You mean uber black? Err..no thanks...been there done that


----------



## chi1cabby (May 28, 2014)

uberclone said:


> I did a total of 45 rides. Heres the rub for those not paying attention to Ubers cut. You have to do 30 rides a week to keep 80%. If you dont you only get 70%. So Uber saying they keep only 20% is not entirely true and misleading.


This is an interesting read 
https://uberpeople.net/threads/i-was-an-undercover-uber-driver-—-piece-about-uberx-in-philly.19371/

Could you please post some more metrics of your weeks worth of Driving.
Uber's Effective Commission Rate (Commission + $1/Ride Safe Rides Fee) on your total fares.
Your gross Fares/hour (Total fares/total hours)
Your Gross Earnings/Hour (After Uber's cut)
Your Net Earnings/Hour (After expenses)


----------



## OCBob (Jan 20, 2015)

Travis and friends are laughing hardcore to all new drivers doing this gig where the first 15 rides, regardless of the fare, gets to keep 30%! A $4 ride is now $2.10 for the driver. That is almost 50% gone to uber and no expenses to them.


----------



## uberclone (May 12, 2015)

UberXTampa said:


> You deserved the 4.58 rating.
> It is rich for driving a $100k suv for UberX.
> 
> You are ruining it for true uberx drivers.
> ...


Your hilarious! So based on your "I'm ruining it for you" response quote you think I deserve a 4.58 rating? In one week of driving 45 rides do you know how many people said "thank God not another Prius". Not everybody shares your Prius feelings. For one week I made people smile, laugh and feel great while they enjoyed being in a high end SUV that they all said made their night and had a great time! Isn't that what a "true" UBER drivers job is? I cant control how much time went by or for what reason they quickly rated me and I could care less because I know they enjoyed themselves. I love electric and hybrid cars but you my friend can enjoy your old used Prius. LMFAO!


----------



## Actionjax (Oct 6, 2014)

20% I can live with. Anything more and its just a greedy grab for more cash. Uber would need to offer a hell of a lot more to a driver for those rates.


----------



## UberXTampa (Nov 20, 2014)

uberclone said:


> Your hilarious! So based on your "I'm ruining it for you" response quote you think I deserve a 4.58 rating? In one week of driving 45 rides do you know how many people said "thank God not another Prius". Not everybody shares your Prius feelings. For one week I made people smile, laugh and feel great while they enjoyed being in a high end SUV that they all said made their night and had a great time! Isn't that what a "true" UBER drivers job is? I cant control how much time went by or for what reason they quickly rated me and I could care less because I know they enjoyed themselves. I love electric and hybrid cars but you my friend can enjoy your old used Prius. LMFAO!


You contradict yourself!

When people say "thank god not another Prius" I interprete that as "what a fool, driving for so low rates"


----------



## uberclone (May 12, 2015)

UberXTampa said:


> You contradict yourself!
> 
> When people say "thank god not another Prius" I interprete that as "what a fool, driving for so low rates"
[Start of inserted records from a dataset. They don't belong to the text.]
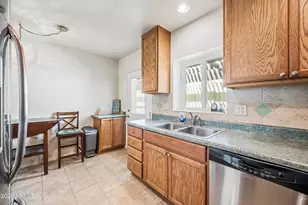 1108 W Mission Ln, Phoenix, AZ 85021 - Photo 10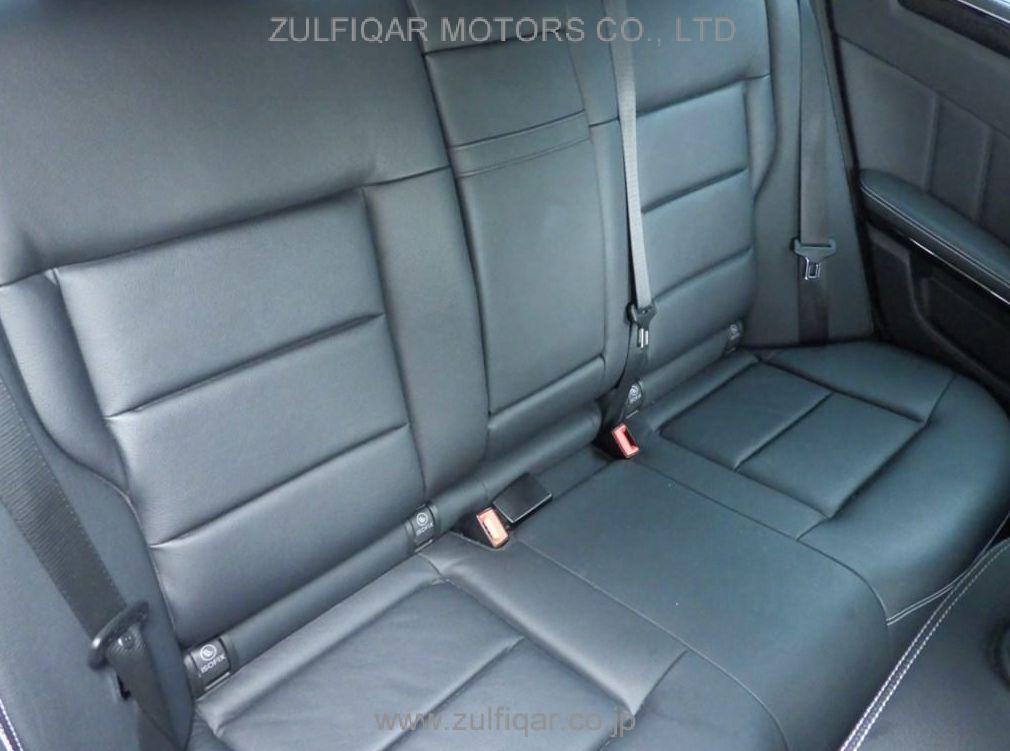 MERCEDES BENZ E CLASS 2010 Image 6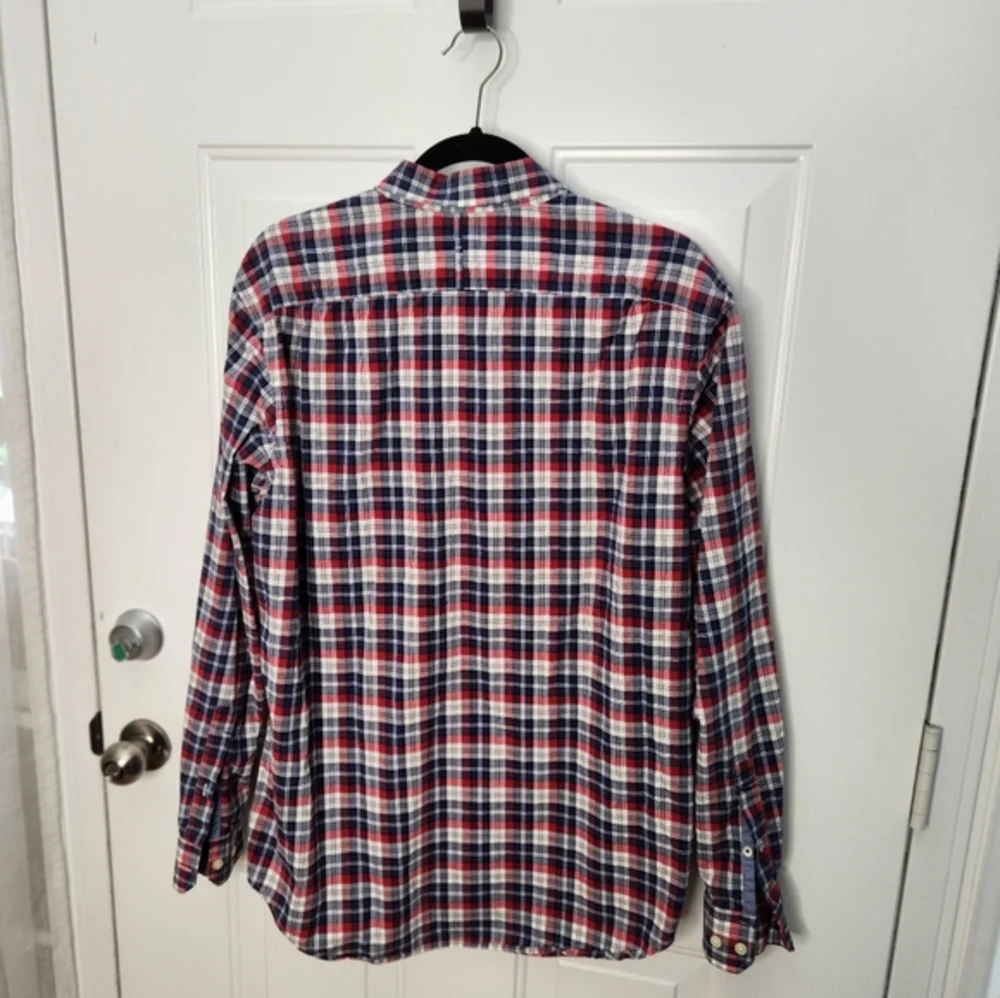 Men's Banana Republic Soft‎ Wash Burgundy Blue and White Long Sleeve Size Large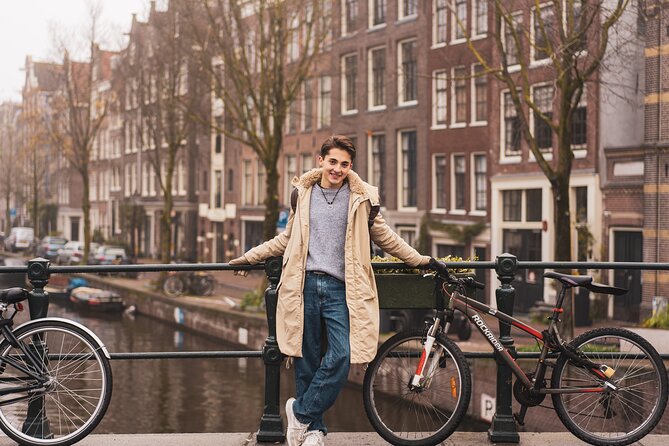 Amsterdam Canal, Tulip, Windmill Photoshoot | Custom Request - How the session actually plays out (and why it feels relaxed)
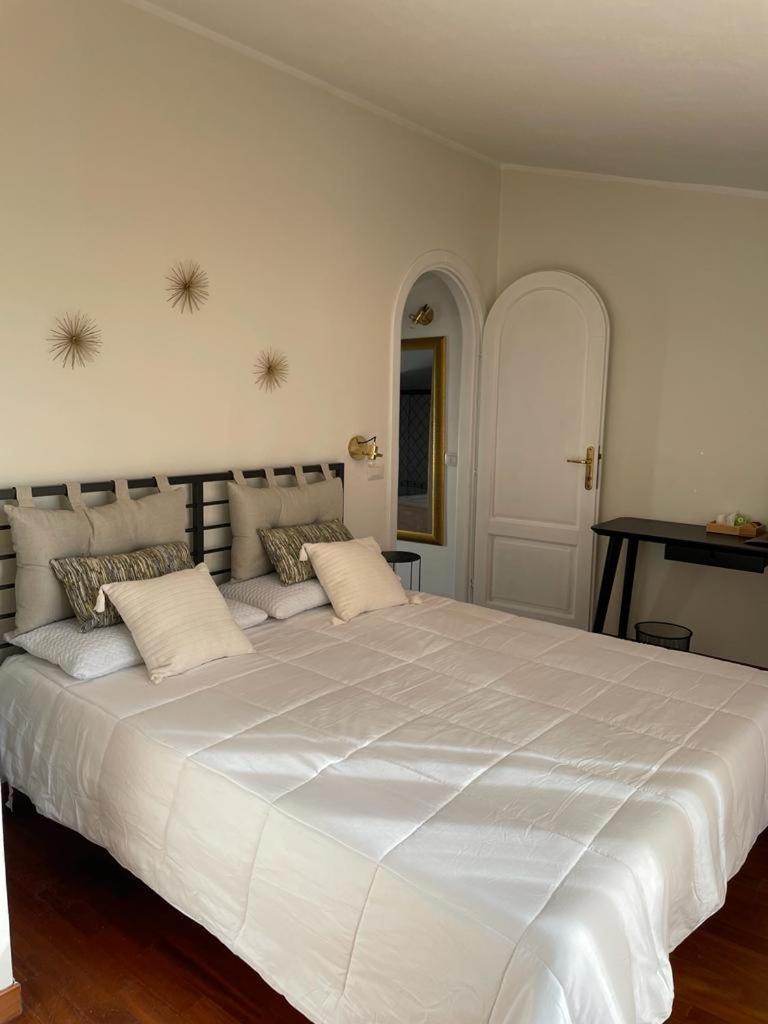 Excellent Rooms Paola'S Ольбия Экстерьер фото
Nope! They literally meant thank God not another Prius! Sorry to burst your SUV "hater" bubble. And while your enjoying your Prius, I think I'll go out and buy a Tesla!


----------



## uberclone (May 12, 2015)

LAndreas said:


> uberclone
> The specs of my car are somewhat similar to yours. The price range of your car would make me guess Porsche Cayenne or similar (even though $100k is rich for your 400 hp). It is absolute madness you took any X calls! You lose money on each one of these, impossible not to. Even with very high surge (which would at least get you to Plus pricing), you're getting a crowd that expects an X and gets treated to your fancy ride - I guess some of them thought you were a sucker and downrated you for that (or you freaked them out with your almost over-preparedness: water, mints, and there you are, already holding a plastic bag under their noses, just in case..).
> 
> I'd think that your SD market support should have also been able to set you as a Plus Only car, so you'd only get the Plus calls. They are very inflexible right now as to what they admit to the Lux category, but if you liked the pax experience, you could keep an eye out for any changes to the list of approved cars for Uber Lux. Your car should really qualify you to drive for Lux.
> ...


Thank you for your advice and your probably right which is why i am done! I was being facetious about the bag but I did have them in the seat pocket. I see no financial gain from Uber and its an expensive way to get out and meet people which was my intent! lol Best of luck to you! Oh and thats a $100,000 total after all the taxes! ouch!


----------



## UberXTampa (Nov 20, 2014)

uberclone said:


> Nope! They literally meant thank God not another Prius! Sorry to burst your SUV gas eater "hater" bubble. And while your enjoying your Prius, I think I'll go buy a Tesla!


I don't hate SUVs. 
I have a Lexus SUV myself in addition to my UberX.
But I would not put it in service as an UberX car.
This is the point I am trying to make with you. There is no hate against certain type of car. It just doesn't make sense to drive such an expensive car as an UberX and make money doing it. Disillusionment and disappointment is definitely going to be the outcome of such action. As you are a proof of that and quitting UberX, you must admit this gig is not worth such an expensive ride. I just saw my neighbour getting picked up by a PT Cruiser. An even cheaper car than an old Prius. You cannot find an UberX qualified Prius for $3000.00 but you can easily find a PT Cruiser around that price range. There are a bunch of much cheaper cars than an old Prius. I think these guys are doing right. If you are doing this to make money, you have to run it like a business.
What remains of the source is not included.